▸ Source data:
———

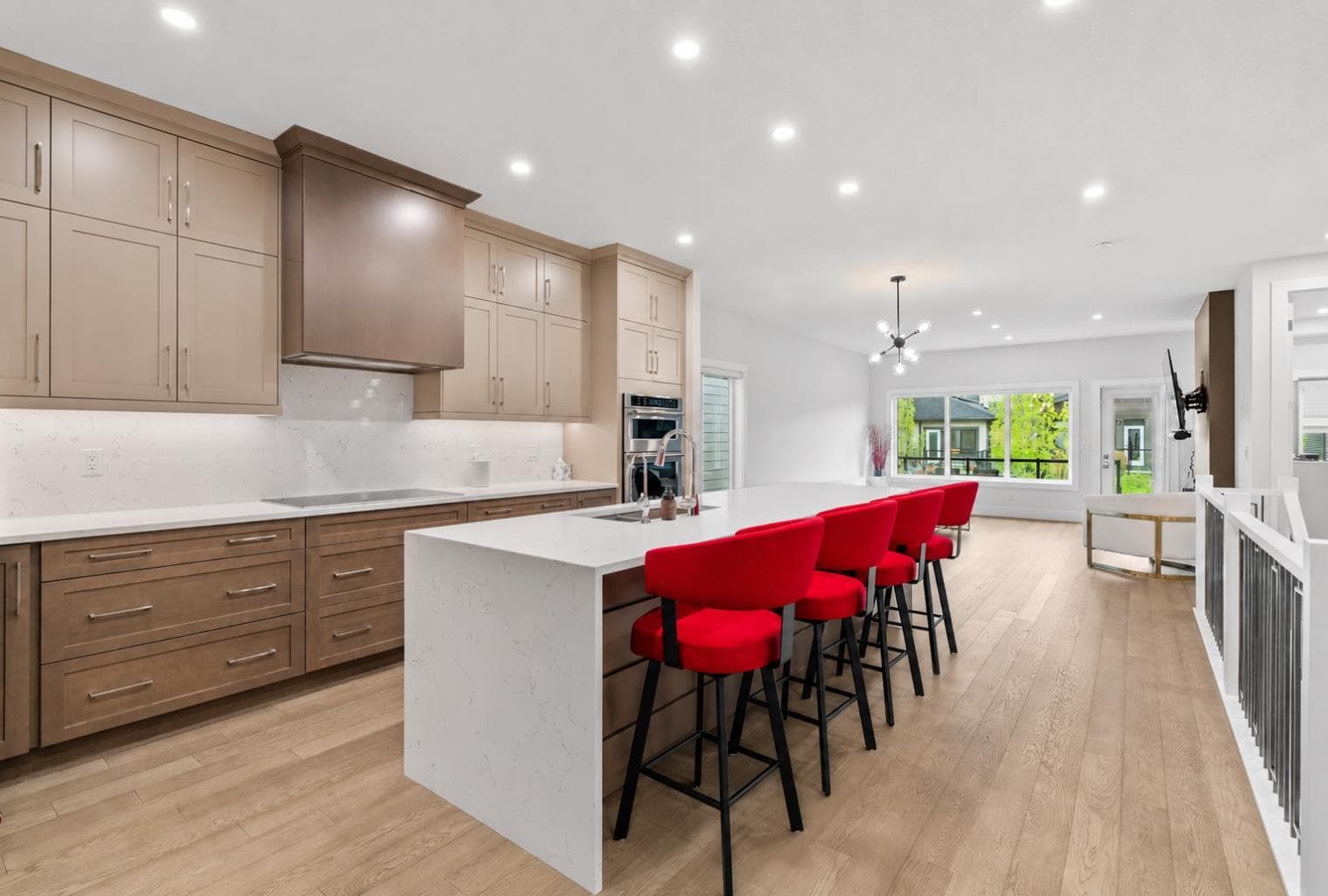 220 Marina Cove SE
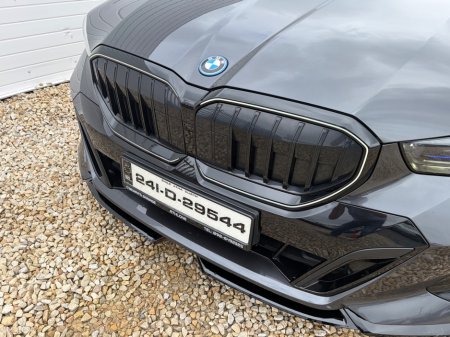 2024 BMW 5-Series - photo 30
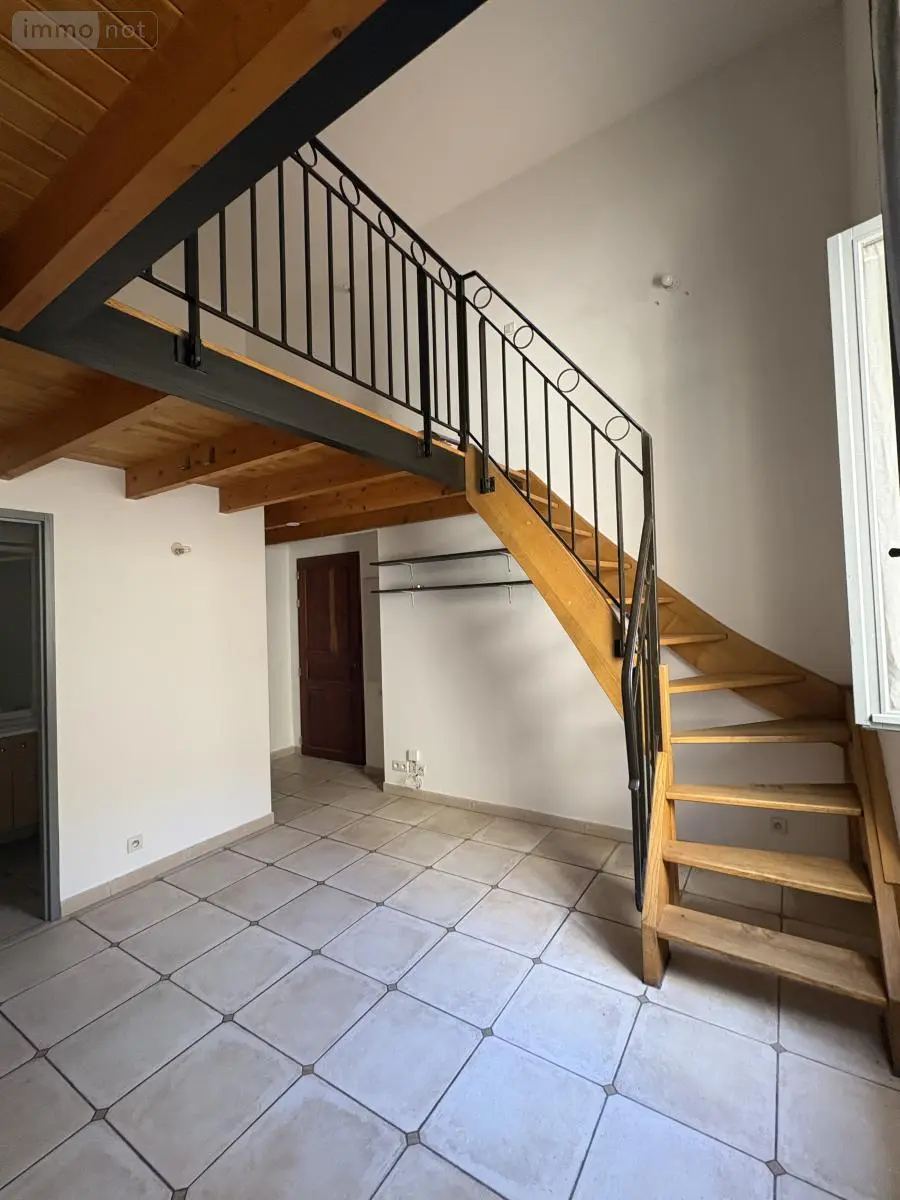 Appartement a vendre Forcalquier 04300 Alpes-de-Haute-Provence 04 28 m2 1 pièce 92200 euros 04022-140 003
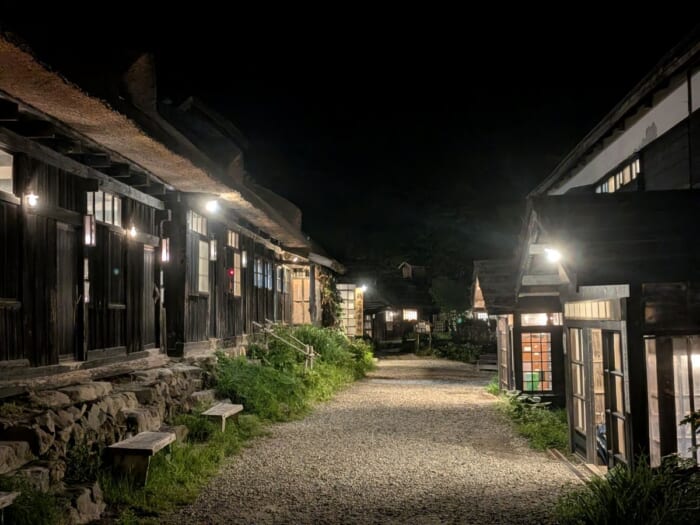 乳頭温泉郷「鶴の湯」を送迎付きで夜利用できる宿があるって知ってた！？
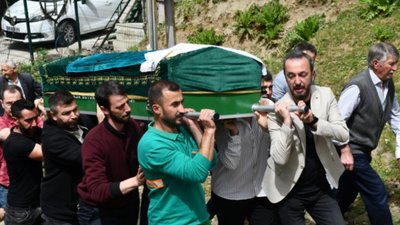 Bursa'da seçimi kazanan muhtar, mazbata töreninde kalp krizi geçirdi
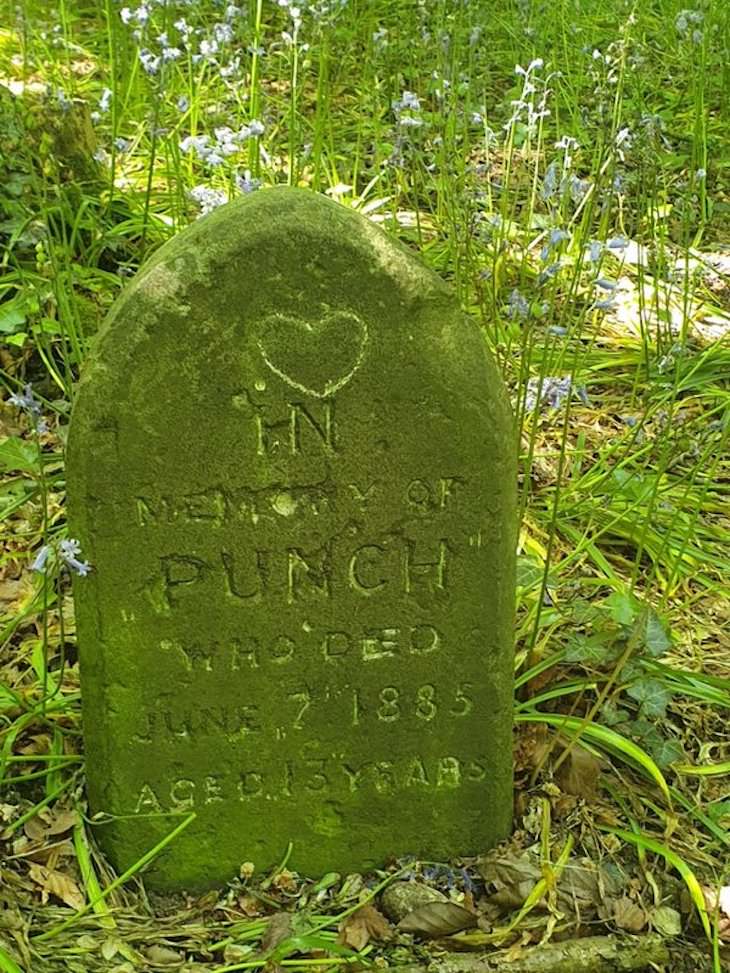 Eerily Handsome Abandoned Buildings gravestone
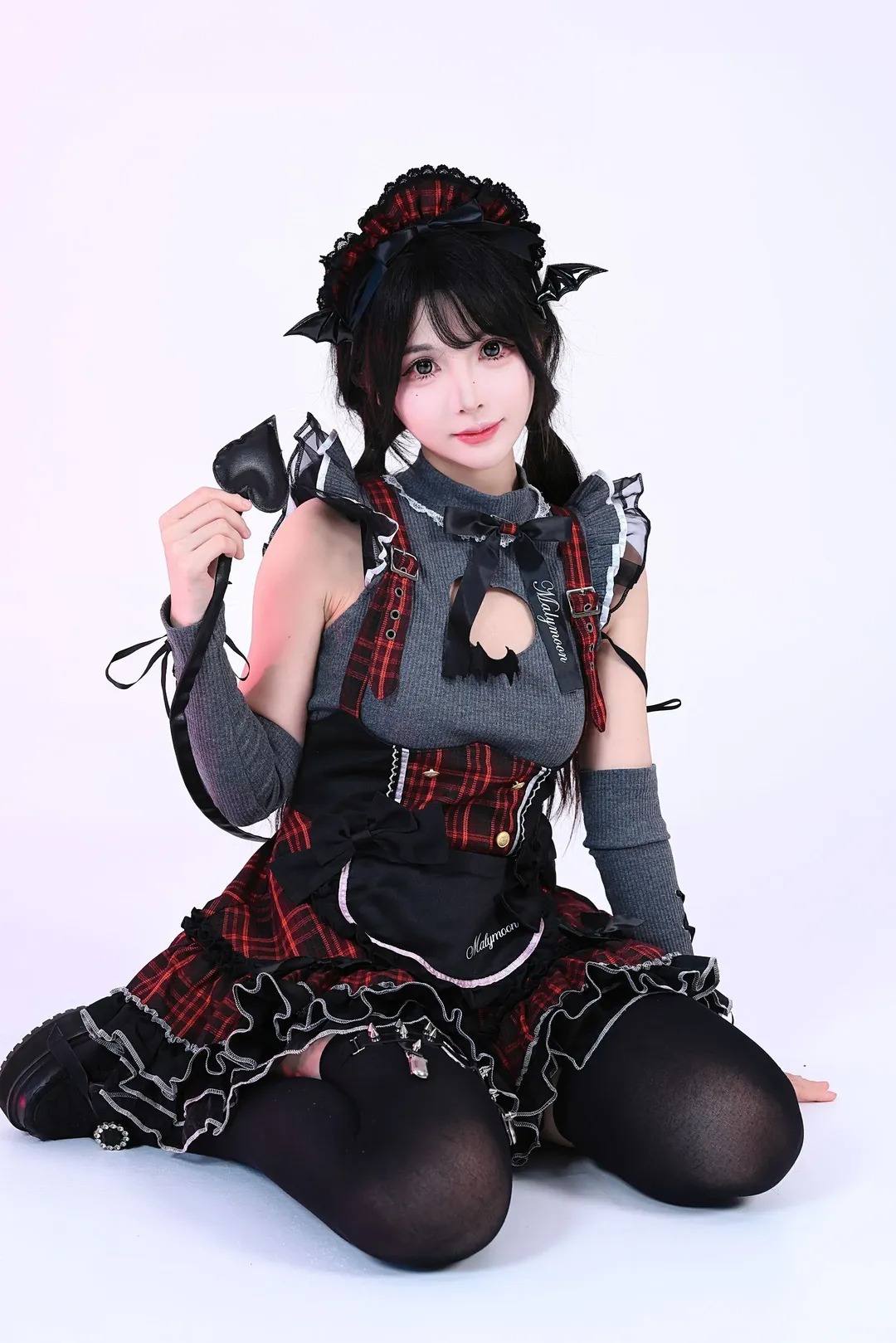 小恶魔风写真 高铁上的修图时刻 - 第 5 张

———

▸ ASSIGNMENT:
For this exercise, retype the data above exactly and skip every image.

▸ WRITTEN RESPONSE:
 220 Marina Cove SE
 2024 BMW 5-Series - photo 30
 Appartement a vendre Forcalquier 04300 Alpes-de-Haute-Provence 04 28 m2 1 pièce 92200 euros 04022-140 003
 乳頭温泉郷「鶴の湯」を送迎付きで夜利用できる宿があるって知ってた！？
 Bursa'da seçimi kazanan muhtar, mazbata töreninde kalp krizi geçirdi
 Eerily Handsome Abandoned Buildings gravestone
 小恶魔风写真 高铁上的修图时刻 - 第 5 张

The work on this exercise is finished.